If you are familiar with the methods of the tidyverse family of packages: Stars objects interact with a number of functions from these package. For instance, here is how I would select the top 100 cell values (e.g. those from left to right) from the stars object for band 1 (Forest) and plot it
suppressPackageStartupMessages(library(tidyverse))
# Take the raster object and 'pipe' into slice for the y-coordinate (Latitude)
ras %>% slice(y, 1:100) %>%
# Filter to band 1
filter(band == 1) %>%
# Plot the output of the chain
plot()
# Note that nothing is saved as part of this processing chain, although one obviously could save the output in a new object.
# Equally one access the attributes and dimensions of any stars object
# The first arguement to any stars object is the attribute (could be time), the next the dimensions
# For instance if I want to plot the first 20 values (upper left corner), here is how
plot(ras[,1:10,1:20])
See here for a number of functions provided by the stars package. Some of which we will explore later on. (Can you find the function that lets you write a stars file?)
# All functions of the stars package
methods(class = "stars")
## [1] [ [<- $<- adrop
## [5] aggregate aperm as_tibble as.data.frame
## [9] c coerce contour cut
## [13] dim dimnames dimnames<- droplevels
## [17] filter image initialize is.na
## [21] Math merge mutate Ops
## [25] plot predict print pull
## [29] select show slice slotsFromS3
## [33] split st_apply st_area st_as_sf
## [37] st_as_sfc st_as_stars st_bbox st_coordinates
## [41] st_crop st_crs st_crs<- st_dimensions
## [45] st_dimensions<- st_extract st_geometry st_interpolate_aw
## [49] st_intersects st_join st_mosaic st_normalize
## [53] st_redimension st_sample st_transform_proj st_transform
## [57] write_stars
## see '?methods' for accessing help and source code
Final exercise: Remember the outline of Laxenburg park that was saved in the vector exercise? Take the artifical dataset loaded via stars and clip it to the bounding box of the Laxenburg park!

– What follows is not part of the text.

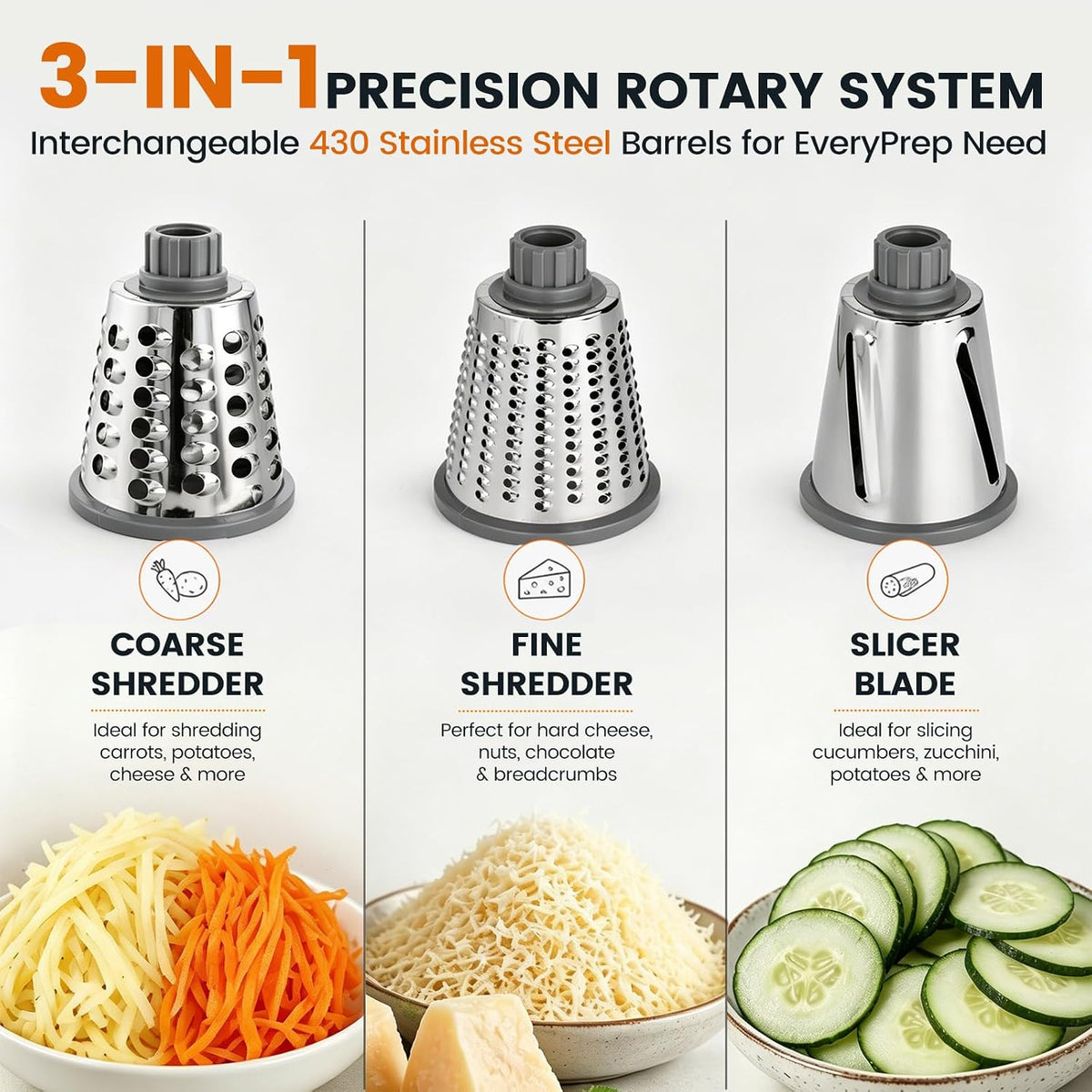 HANSGO Rotary Cheese Grater Hand Crank, Shredder Slicer Grinder, 3 Large Diameter Metal Blades & Cleaning Brush, Non-slip Suction Base, Labor-Saving Handle, Kitchen Gadgets for Cheese, Vegetable, Nuts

ras <- read_stars('ht_004_clipped.tif',proxy = TRUE)
laxpol <- read_sf('Laxenburg.gpkg')
bb = st_bbox(laxpol)
plot( ras[bb] )
# There are many different ways of doing this. One could equally process this in a chain using 'pipes'
laxpol %>%
st_bbox() %>%
ras[.] %>%
plot()
Another big field of application for stars is the analysis of multi-temporal raster stacks or data-cubes. Custom-written function can then be easily applied to entire stacks of rasters, e.g. stars::st_apply()
. We don’t explore this as part of this tutorial, but have a look at the stars website for some example code.
(source: https://r-spatial.github.io/stars/ )